» Task to complete
Retype, without pictures, the line holding "4854 N Soleggiato Cir E, Lehi, UT 84043 - #2" and each line below it through the final line.

» Records supplied
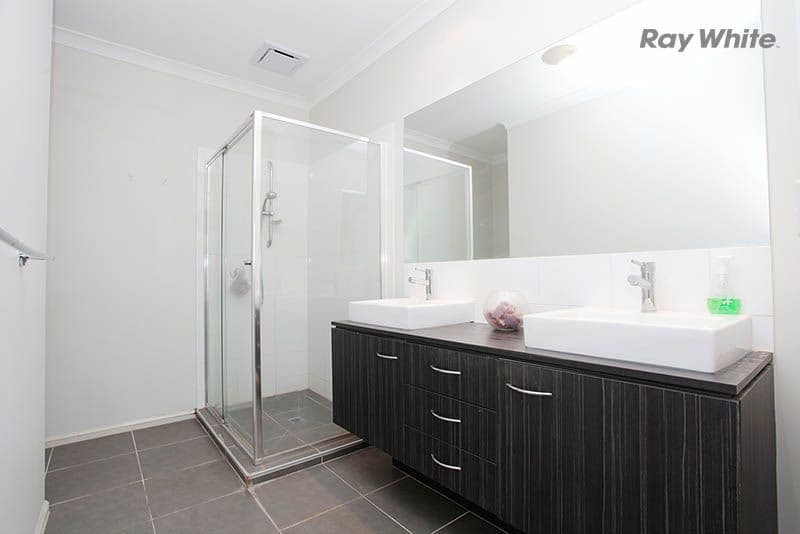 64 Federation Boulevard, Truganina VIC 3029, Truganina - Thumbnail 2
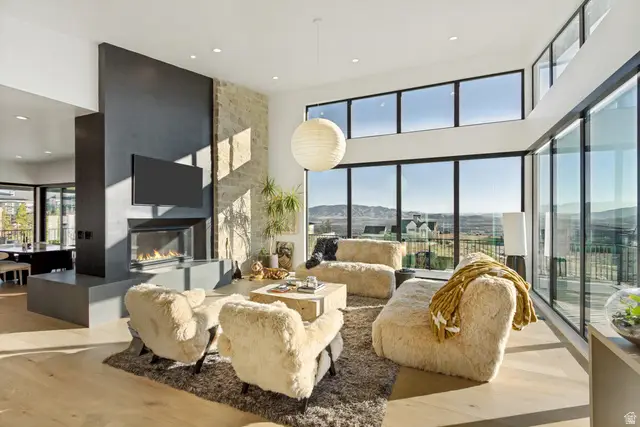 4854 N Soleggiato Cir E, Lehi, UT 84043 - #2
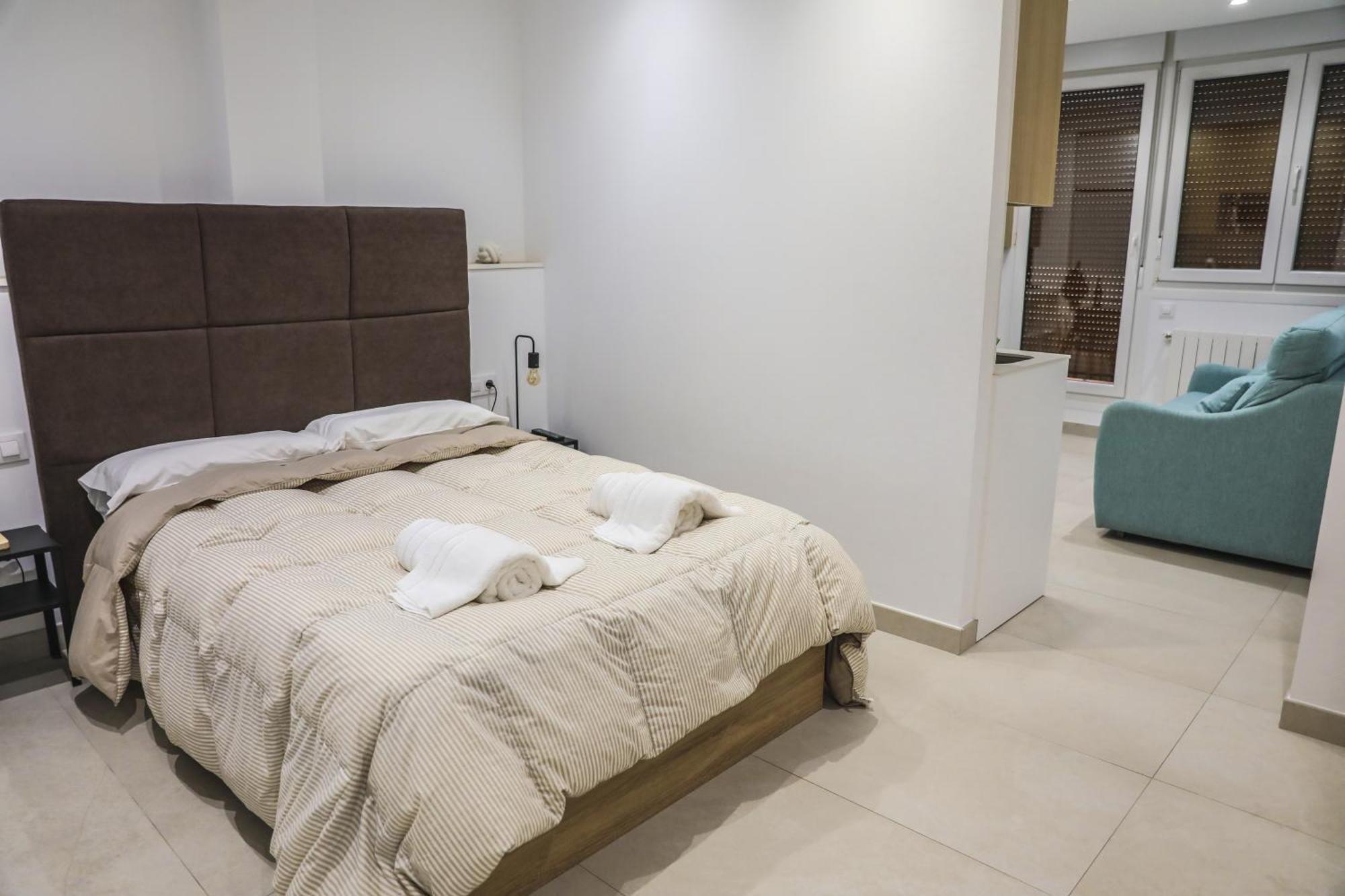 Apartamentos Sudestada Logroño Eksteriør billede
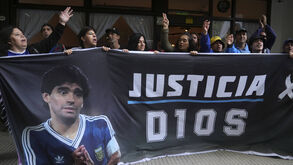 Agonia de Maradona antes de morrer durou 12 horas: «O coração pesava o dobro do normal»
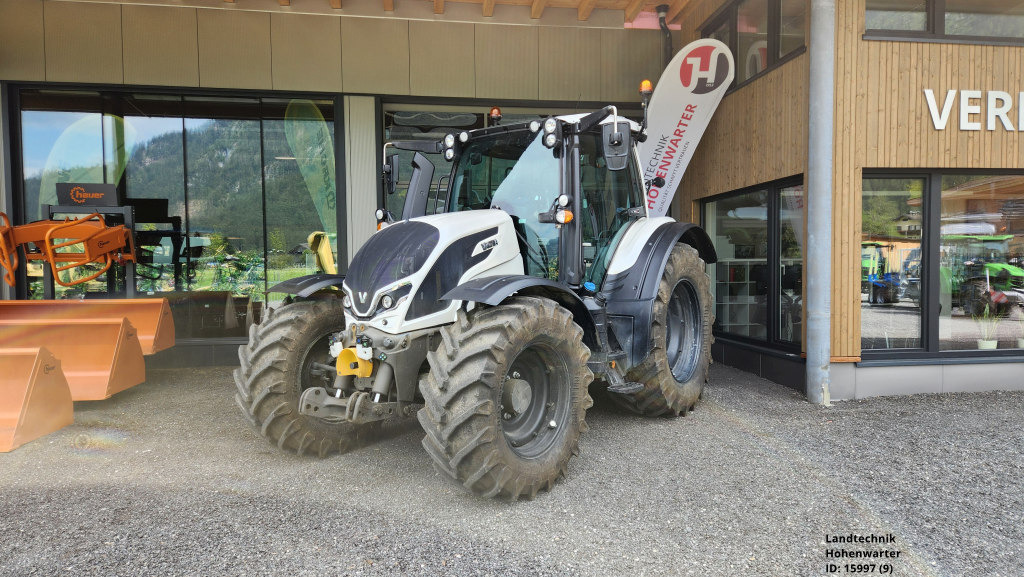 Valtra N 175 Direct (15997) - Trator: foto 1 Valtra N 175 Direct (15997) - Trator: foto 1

» Task output
 4854 N Soleggiato Cir E, Lehi, UT 84043 - #2
 Apartamentos Sudestada Logroño Eksteriør billede
 Agonia de Maradona antes de morrer durou 12 horas: «O coração pesava o dobro do normal»
 Valtra N 175 Direct (15997) - Trator: foto 1 Valtra N 175 Direct (15997) - Trator: foto 1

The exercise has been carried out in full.